- **Supplied information**
------------
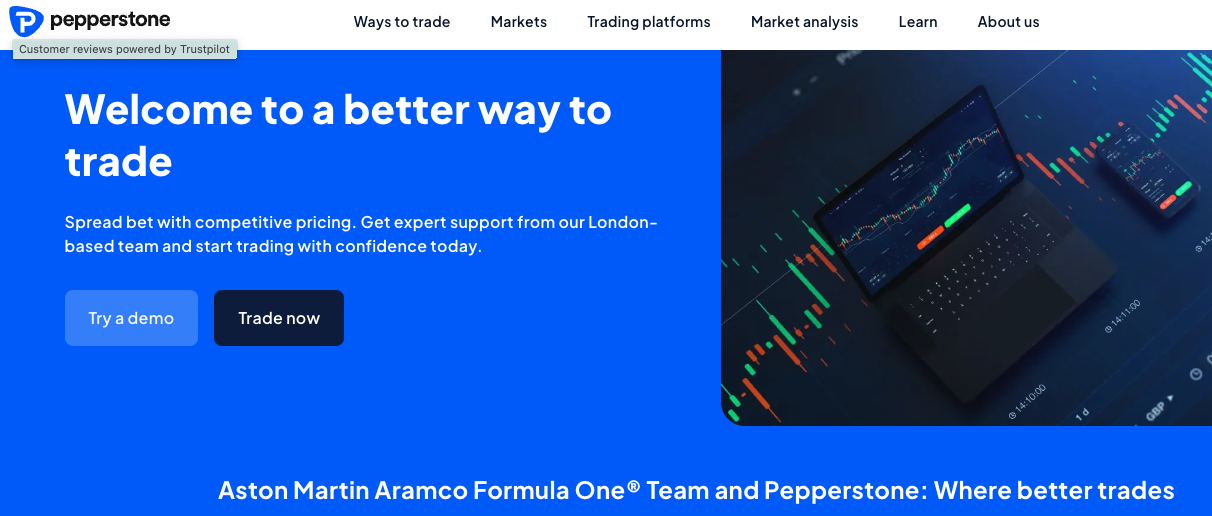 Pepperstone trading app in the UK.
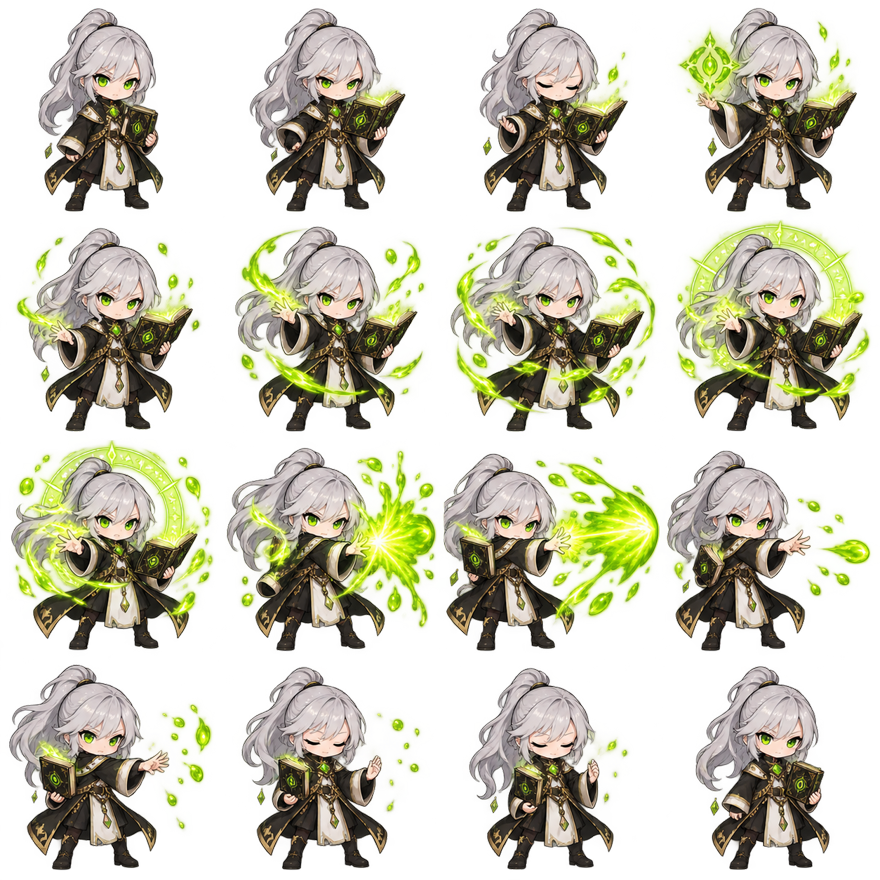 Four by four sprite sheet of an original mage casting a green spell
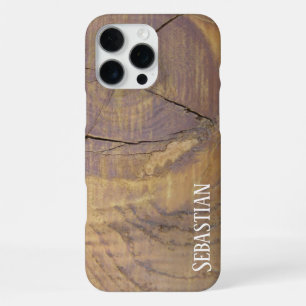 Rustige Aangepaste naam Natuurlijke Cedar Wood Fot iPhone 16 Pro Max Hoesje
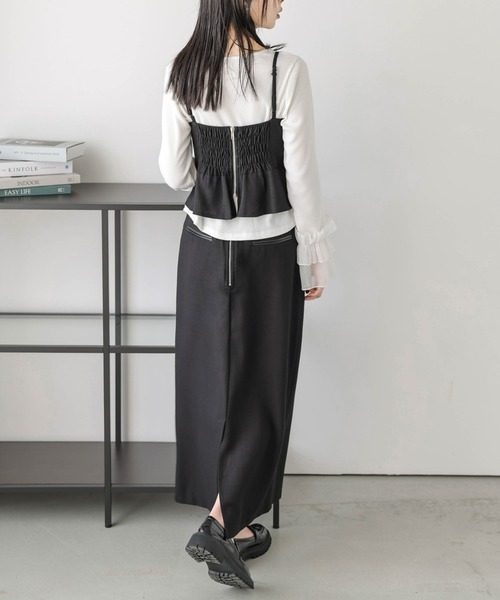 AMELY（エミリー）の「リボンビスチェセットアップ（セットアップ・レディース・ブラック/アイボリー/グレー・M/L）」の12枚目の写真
------------
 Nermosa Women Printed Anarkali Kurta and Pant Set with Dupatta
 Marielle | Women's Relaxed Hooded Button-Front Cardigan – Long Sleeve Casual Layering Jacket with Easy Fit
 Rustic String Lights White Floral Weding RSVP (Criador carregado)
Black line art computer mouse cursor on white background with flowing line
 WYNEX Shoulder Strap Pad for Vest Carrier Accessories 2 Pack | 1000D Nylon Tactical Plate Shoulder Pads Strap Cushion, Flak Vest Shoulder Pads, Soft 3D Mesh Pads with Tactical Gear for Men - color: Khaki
------------
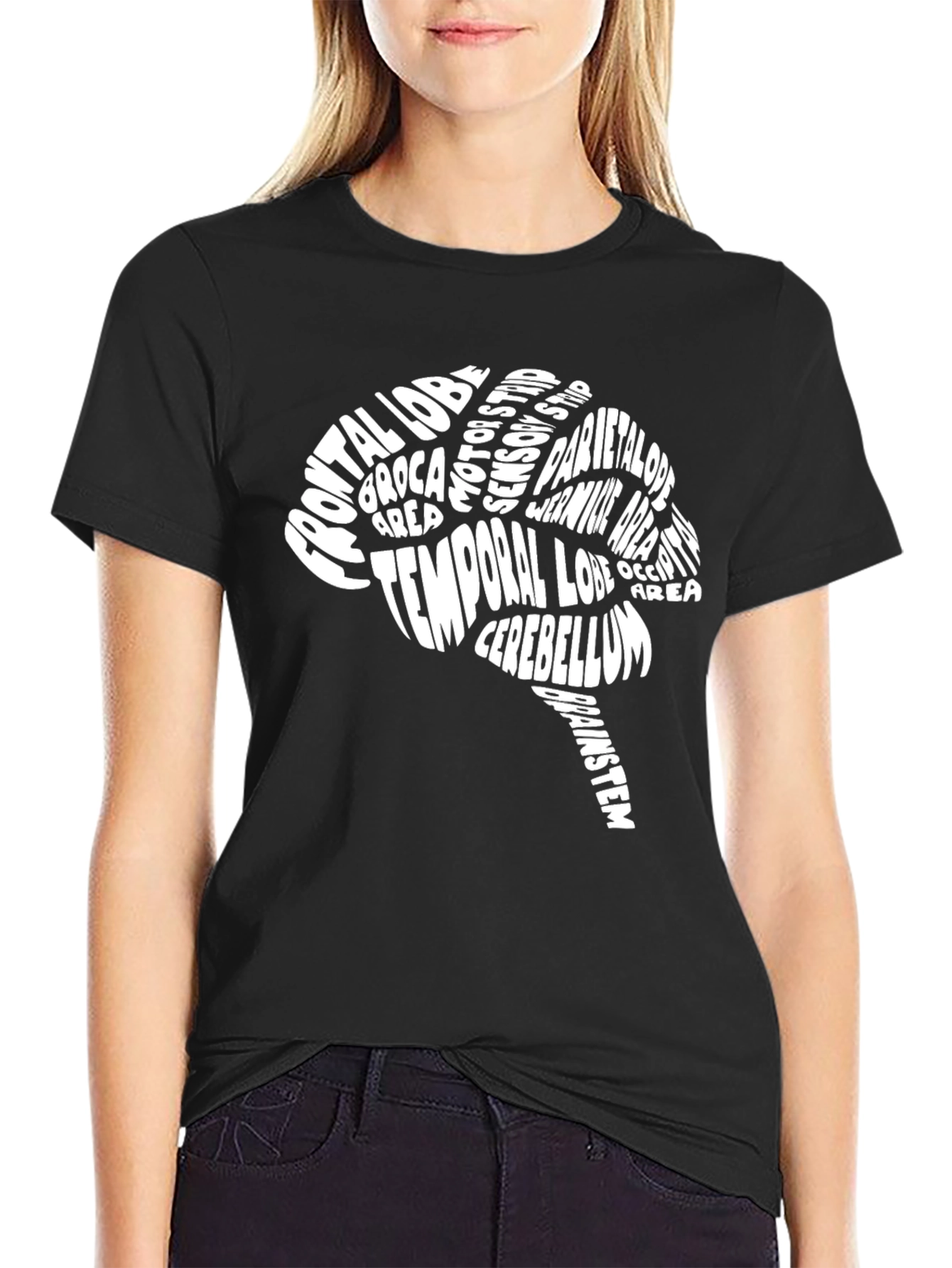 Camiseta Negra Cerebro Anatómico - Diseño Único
------------
- **Instructions for the task**
Lines to set down from above: the line with "Black line art", the line with "WYNEX Shoulder Strap", and every line between, each exactly as written.

- **Solution below**
Black line art computer mouse cursor on white background with flowing line
 WYNEX Shoulder Strap Pad for Vest Carrier Accessories 2 Pack | 1000D Nylon Tactical Plate Shoulder Pads Strap Cushion, Flak Vest Shoulder Pads, Soft 3D Mesh Pads with Tactical Gear for Men - color: Khaki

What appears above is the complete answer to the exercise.